---------- Record extracts

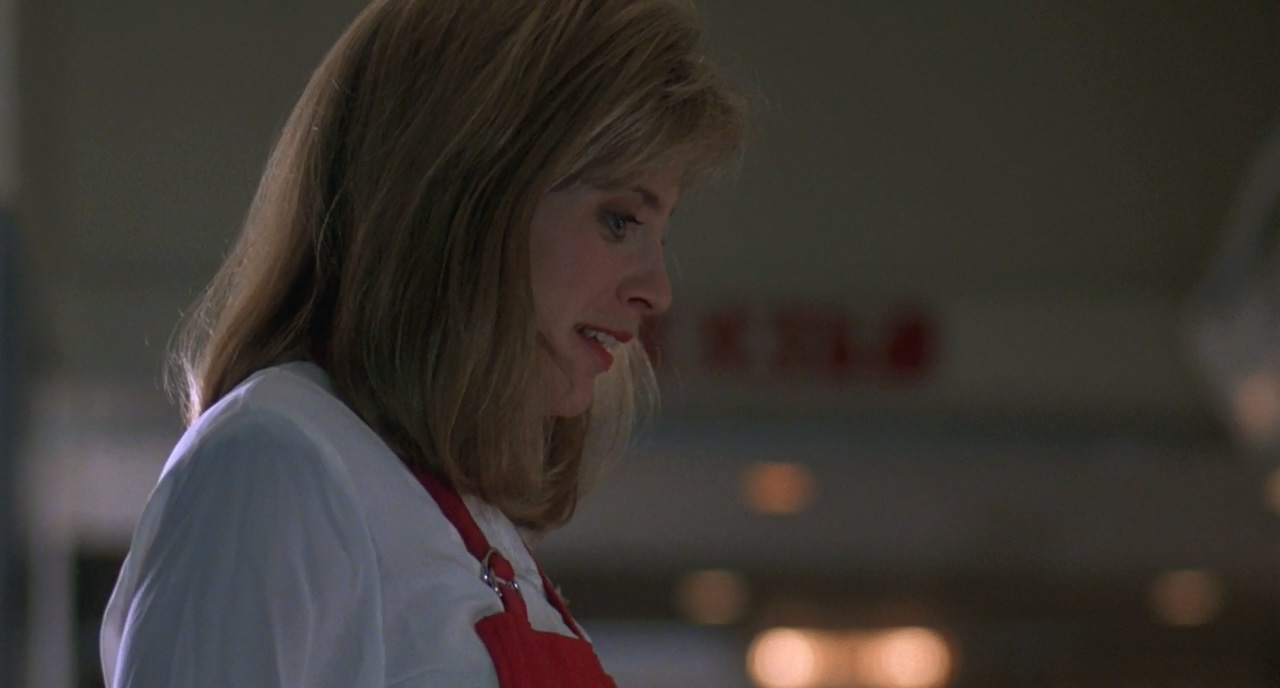 致命危机剧照的剧照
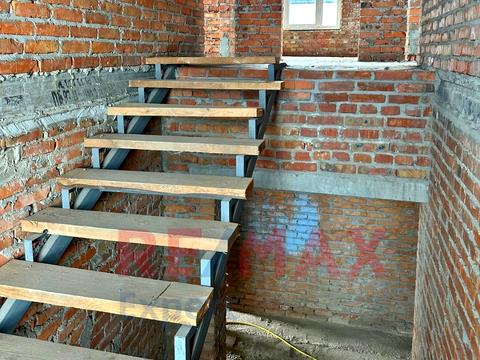 будинок за адресою Лесі Українки вул., 175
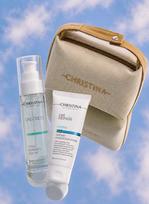 Christina Laboratories „After Sun Recovery” rinkinys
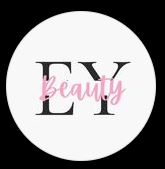 E Y Beauty Coupons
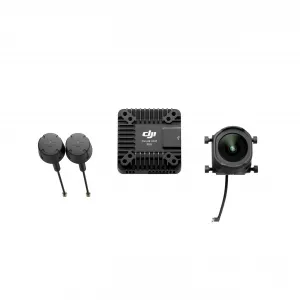 DJI O4 Air Unit Pro CP.FP.00000233.01
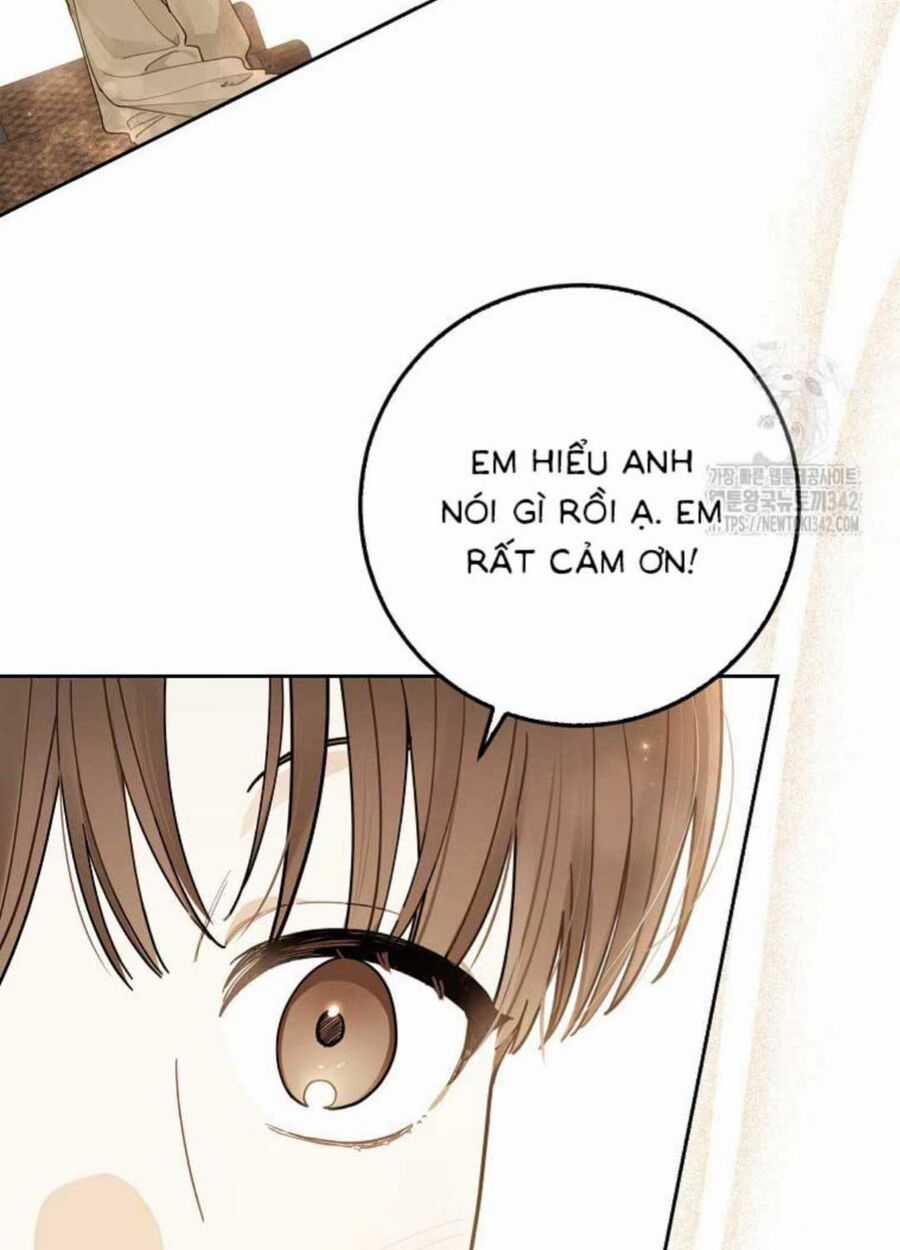 Tân Binh Triệu Đô Chapter 25 trang 40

--------------------

§ **Prompt**: Pictures aside, set down the lines from the one containing "будинок за адресою Лесі Українки вул., 175" through the end of the records above, exactly and only those.

§ **Solved problem**:
 будинок за адресою Лесі Українки вул., 175
 Christina Laboratories „After Sun Recovery” rinkinys
 E Y Beauty Coupons
 DJI O4 Air Unit Pro CP.FP.00000233.01
 Tân Binh Triệu Đô Chapter 25 trang 40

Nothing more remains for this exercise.